Secretary Kissinger: But he is not against the People’s Republic. He is afraid you will engage in subversive activities there.

Prime Minister Chou: We are not going to subvert them. We haven’t even subverted Hongkong. Why would we go there. Why give up Hongkong at our door step to go so far. Hongkong has 4 million while Singapore has slightly over one and a half million.

Secretary Kissinger: I will send a letter to Lee Kuan Yew.

Prime Minister Chou: He has not been so bad to us. There is a branch of the bank of China there.

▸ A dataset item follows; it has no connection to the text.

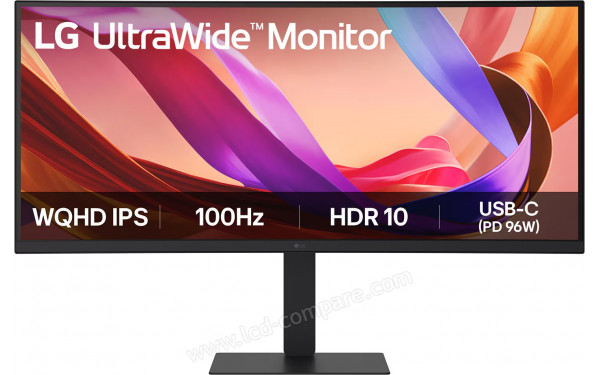 LG 34U650A-B - Vue de face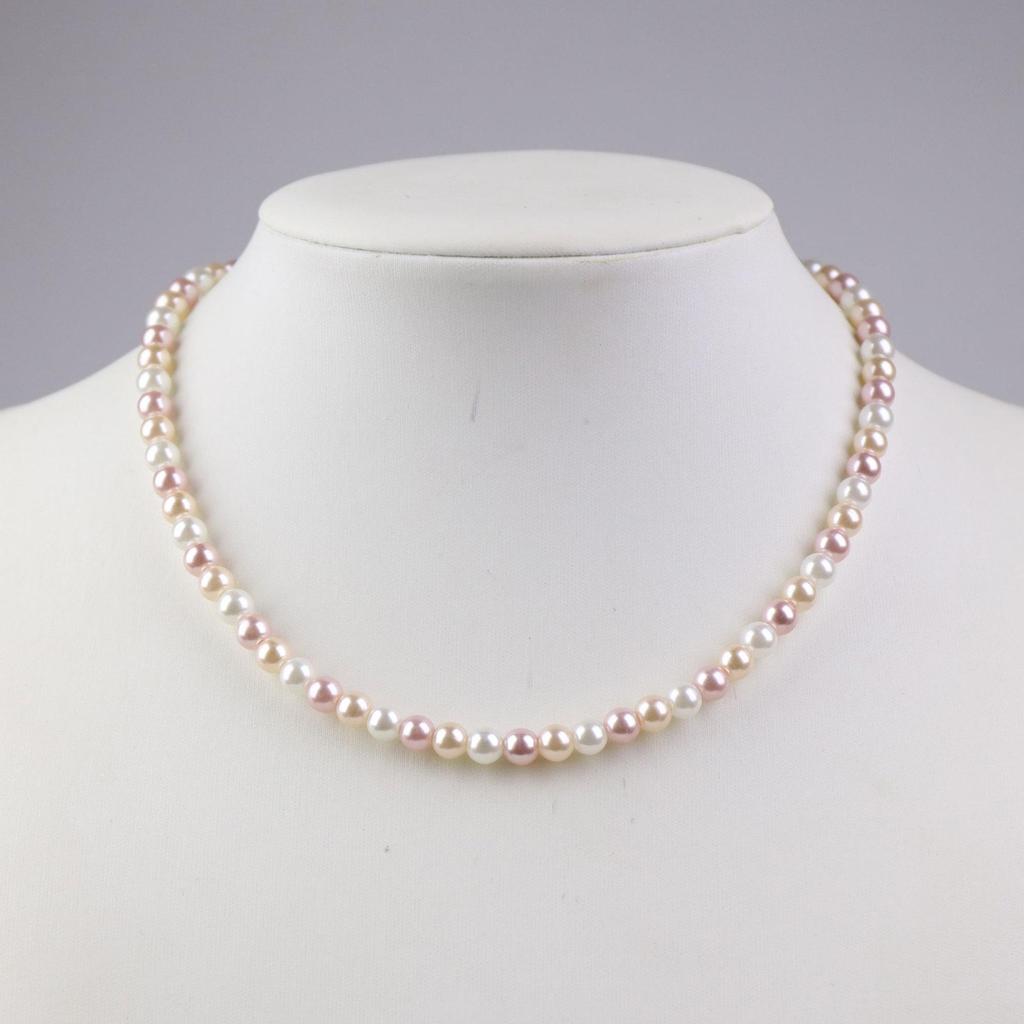 2025 Niche Color Block Pearl Choker: Luxury Summer Dopamine Design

Secretary Kissinger: He is not against you. I know him very well. He is one of the few leaders with whom it is worth talking. Aside from his having power, he has a great understanding of England.

Prime Minister Chou: He is a very eloquent speaker. I believe he was trained by McDonald.

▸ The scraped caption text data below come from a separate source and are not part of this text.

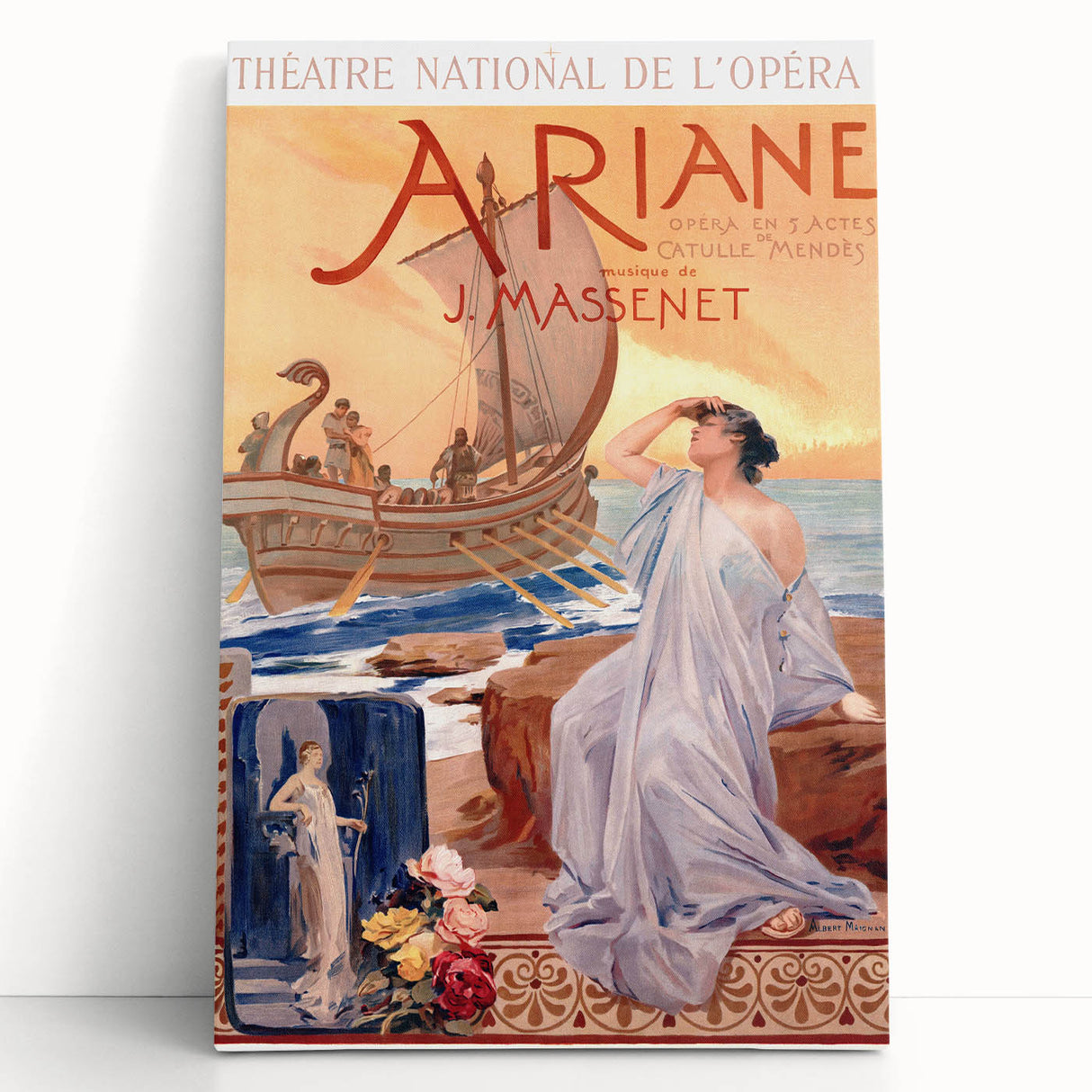 Vintage Travel Poster - Ariane Opera Paris Wall Art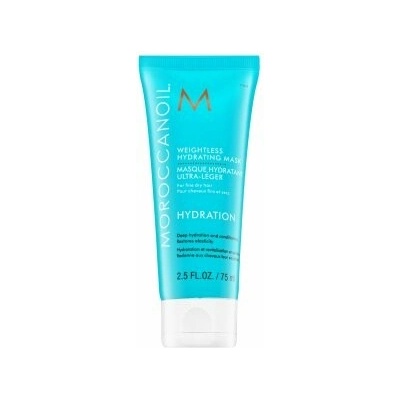 Moroccanoil Hydration Weightless Hydrating Mask posilňujúca maska pre suché a jemné vlasy 75 ml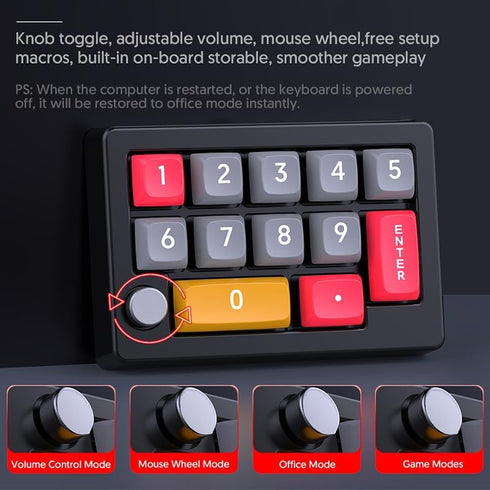 Customized mechanical keyboards, customized knobs, RGB hot swappable macro definitions, wired mechanical gaming keyboards (WHITE)...
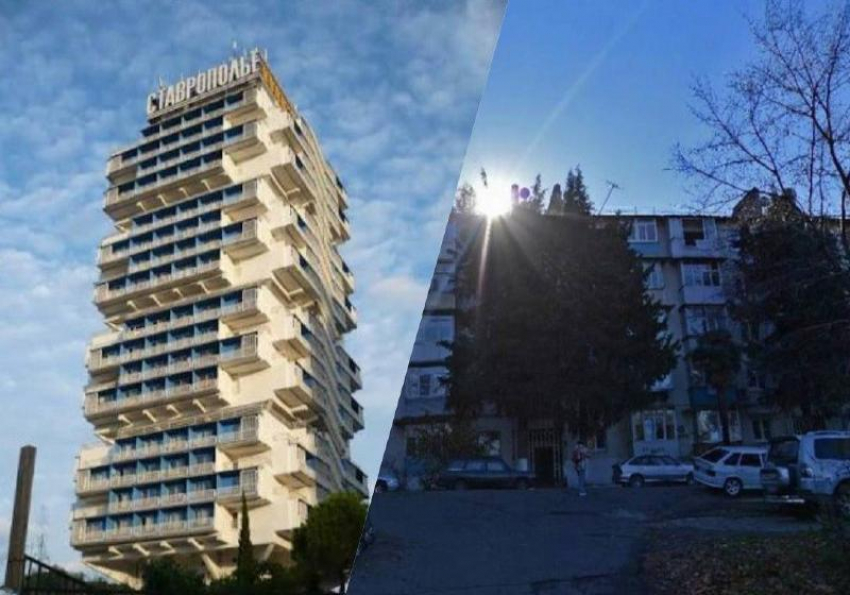 Обломки БПЛА упали на пятиэтажку и здание санатория в Сочи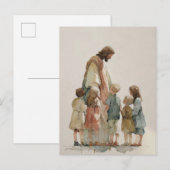 Jezus met kinderen briefkaart (Voorkant / Achterkant)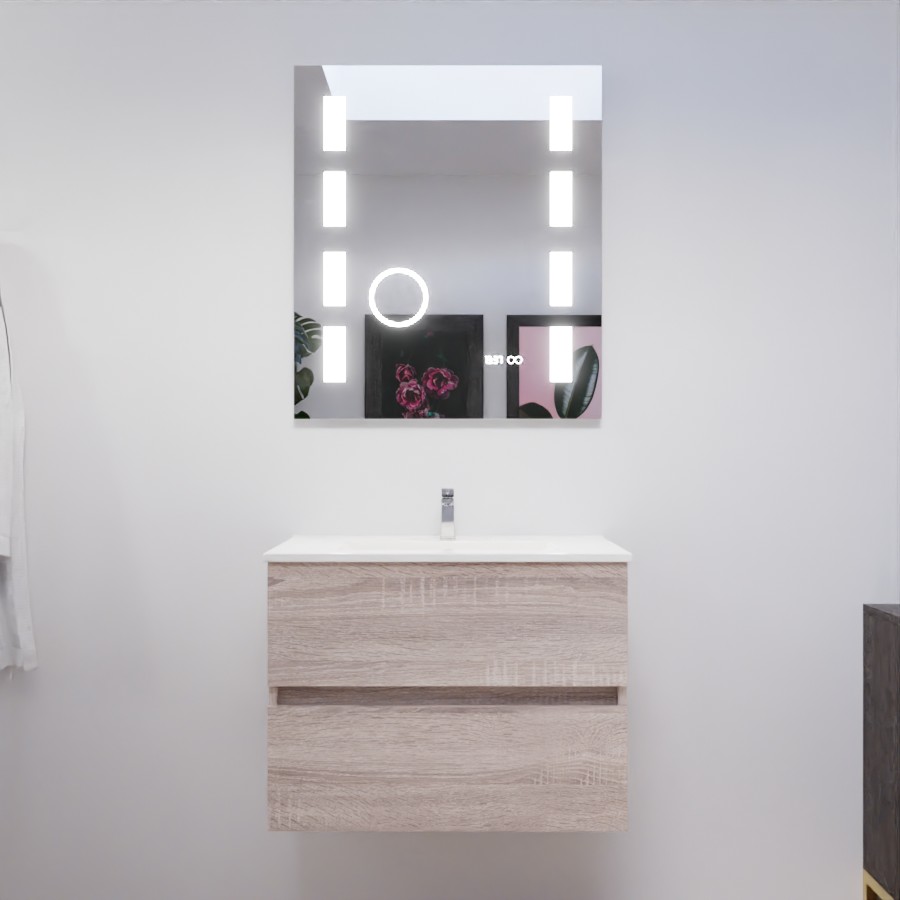 Ensemble meuble salle de bain 70 cm avec miroir ROSALY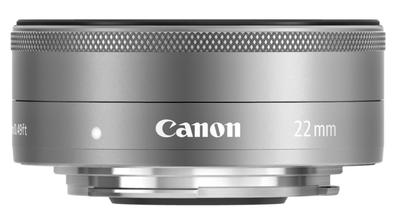 Canon F2 STM Серебристый Объектив-фикс с Беззеркальным EF-M22мм Широкоугольным (Совместимые камеры) (EF-M222STMSL)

Secretary Kissinger: He was at the London School of Economics.

Prime Minister Chou: Because McDonald had been Governor General of Singapore.

Secretary Kissinger: He always comes to Harvard once every two years.

Prime Minister Chou: You mean the son of Ramsey McDonald?

Secretary Kissinger: Lee Kuan Yew comes to Harvard and shocks my liberal colleagues by calling them fools. They are not used to Socialists calling them that.

[Note: At 12:30 a.m. on November 14, the meeting adjourned for about 30 minutes and then resumed with additional participants to discuss the communiqué.]7

  1. Source: National Archives, Nixon Presidential Materials, NSC Files, Kissinger Office Files, Box 96, Country Files, Far East, China Exchanges, November 1, 1973–March 31, 1974. Top Secret; Sensitive; Exclusively Eyes Only. The meeting took place at the Great Hall of the People. All brackets are in the original.
  2. The Chinese Government expressed displeasure with the use of U.S. Marines to guard the U.S. Liaison Office in Beijing. Telegram 1297 from Beijing, November 1, suggested that their uniformed appearance offended Chinese observers. (Ibid., NSC Files, Box 527, Country Files, Far East, People’s Republic of China, Vol. 8, July 10–Dec 31, 1973)
  3. The name did not sound like Nguyen Duy Trinh but it probably was. [Footnote in the original.]
  4. Material on journalists missing in Cambodia was included in a checklist from Kissinger’s trip. (National Archives, Nixon Presidential Materials, NSC Files, Kissinger Office Files, Box 100, Country Files, Far East, Kissinger Trip to Peking—Papers, November 1973)
  5. On October 26, the Department of State informed the Embassy in Saigon that Queen Kossamak Nearireak would be flown from Phnom Penh to Beijing, where her son, Prince Sihanouk, was currently residing. (Telegram 211294; National Archives, RG 59, Central Foreign Policy Files)
  6. Gough Whitlam visited the People’s Republic of China from October 31 to November 4.
  7. Chou and Kissinger met until 2:20 a.m. to finalize the communiqué. (National Archives, Nixon Presidential Materials, NSC Files, Kissinger Office Files, Box 100, Country Files, Far East, Secretary Kissinger’s Conversations in Peking, November 1973) The final text of the Joint Communiqué is printed in Department of State Bulletin, December 10, 1973, pp. 716–717.